Cast:
- Chen Nai Rong (Nylon Chen) as Fang Wei Qi
- Wei Man (Mandy Wei) as Chen Xie Li
Sore itu angin berhembus cukup kencang. Dedaunan kering di jalanan beterbangan, menimbulkan suara gesekan pada jalanan aspal. Suasana di jalan kecil pertengahan kota sudah mulai sepi, hanya ada beberapa anak kecil yang masih bermain di luar. Seorang gadis merapatkan cardigan berwarna pink pucat di tubuhnya. Rambut sebahu yang tergerai dengan poni rata di dahinya beterbangan, membuatnya tampak kacau. Namun gadis itu tidak repot-repot untuk merapikannya. Saat ini yang ada di pikirannya hanyalah mempercepat langkahnya untuk bisa segera sampai di kamar apartemennya.
"Xie Li xiao jie, ni hui lai le."
Gadis bercardigan pink pucat yang bernama Chen Xie Li itu tersenyum dan mengangguk kecil pada Paman Wang, salah satu petugas keamanan di apartemen tempat ia tinggal saat ini. Sebenarnya dibilang apartemen, bangunan ini lebih cocok disebut sebagai wisma. Tapi entah mengapa pengelola gedung ini justru menamai tempat ini Bougenville Apartment. Sebenarnya Chen Xie Li bisa saja tinggal bersama orang tuanya, tapi ia berkeras ingin hidup mandiri dengan tinggal terpisah dengan orang tuanya dan memilih membuka usaha penyewaan buku di sebuah toko kecil dekat apartemennya. Sebagai pekerjaan sampingan, setiap tiga kali seminggu, Chen Xie Li akan pergi ke sanggar ballet pada sore hari untuk mengajar.
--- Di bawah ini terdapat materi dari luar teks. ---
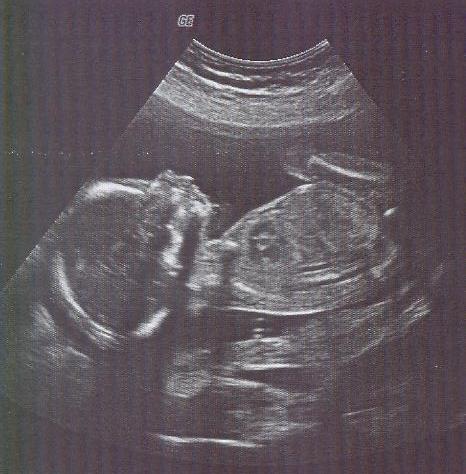 Boy Ultrasound Pics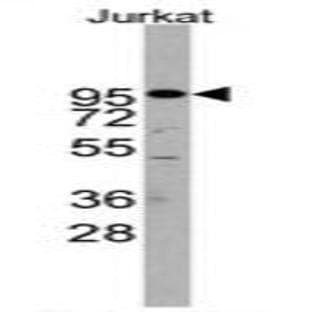 anti-ADAM Metallopeptidase Domain 17 (ADAM17) (C-Term) antibody avatar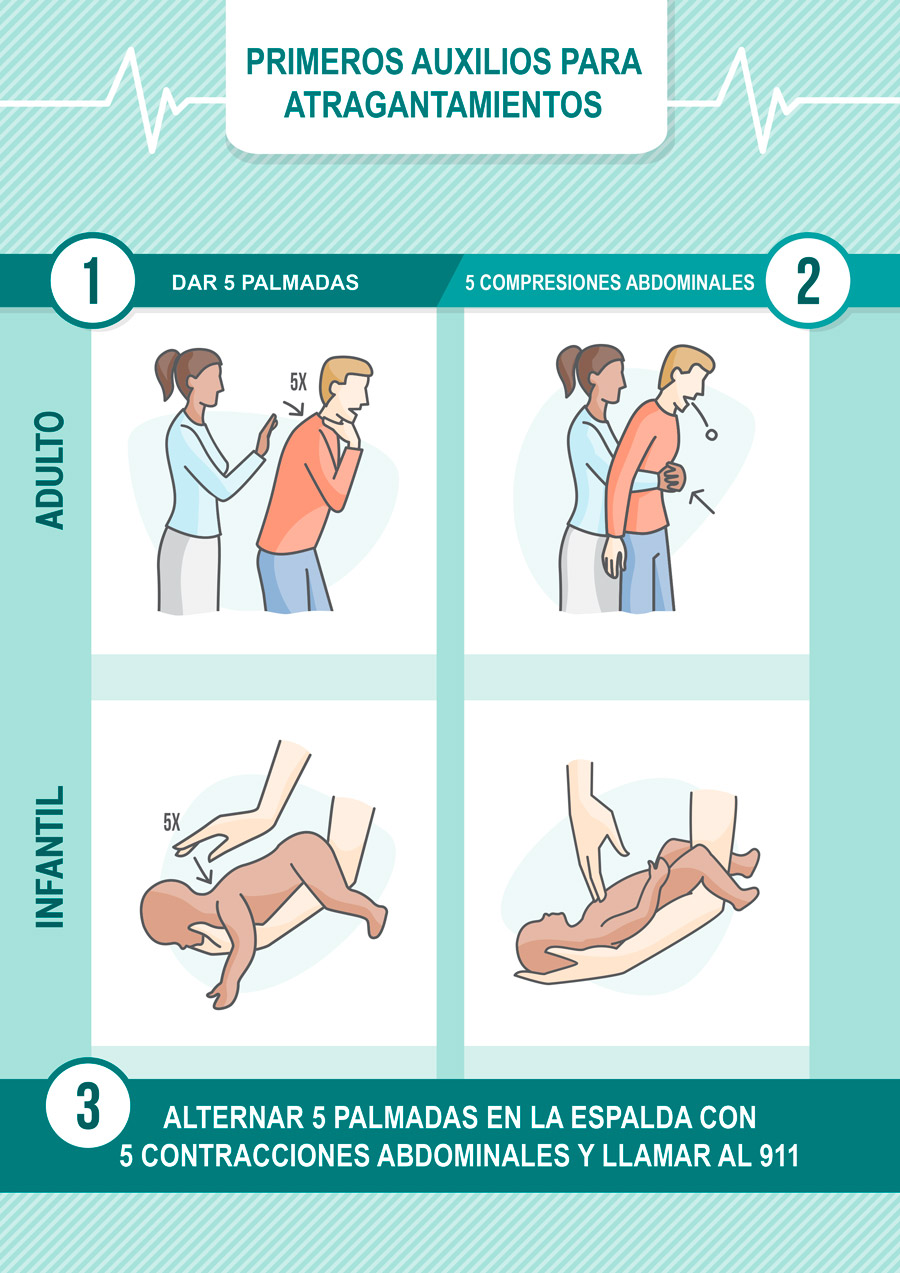 maniobra heimlich y c&oacute;mo realizarla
Selain gemar membaca buku, Xie Li juga senang menari ballet sejak kecil. Hanya saja karena sebuah insiden kecil yang mengakibatkan tulang pergelangan kakinya terluka, maka Xie Li harus mengubur impiannya menjadi seorang ballerina.
"Selamat sore, Paman Wang." kata Xie Li pelan seraya melangkahkan kakinya menuju pintu lobby apartemen. Paman Wang memandang Xie Li dengan kernyitan di dahinya. Ada yang lain dengan Xie Li sore ini. Tadi pagi Xie Li masih menampakkan wajah ceria. Xie Li memang tipe seorang gadis yang selalu ceria dan tersenyum lebar. Seakan hidupnya tidak cukup sulit untuk bisa membuatnya bersedih bahkan sedetik pun. Namun sore ini, Xie Li tampak berbeda. Sangat berbeda. Ada mendung yang tersirat dalam mata dan wajahnya. Paman Wang yang cukup akrab dengan Xie Li karena gadis itu sudah tinggal di sana selama 4 tahun bisa membacanya dengan jelas.
"Selamat sore, Paman Wang!" belum selesai Paman Wang memikirkan perubahan Xie Li, seorang pemuda menepuk pelan bahunya. Ia langsung tersenyum lebar mengetahui siapa yang menyapanya. Satu lagi penghuni apartemen favoritnya. Seorang pria muda berusia 27 tahun bernama Fang Wei Qi juga memiliki sifat yang menyenangkan. Dia memang tidak seceria Chen Xie Li, namun pembawaannya yang selalu bersemangat dan optimis membuat pria itu begitu mudah disukai oleh siapa saja.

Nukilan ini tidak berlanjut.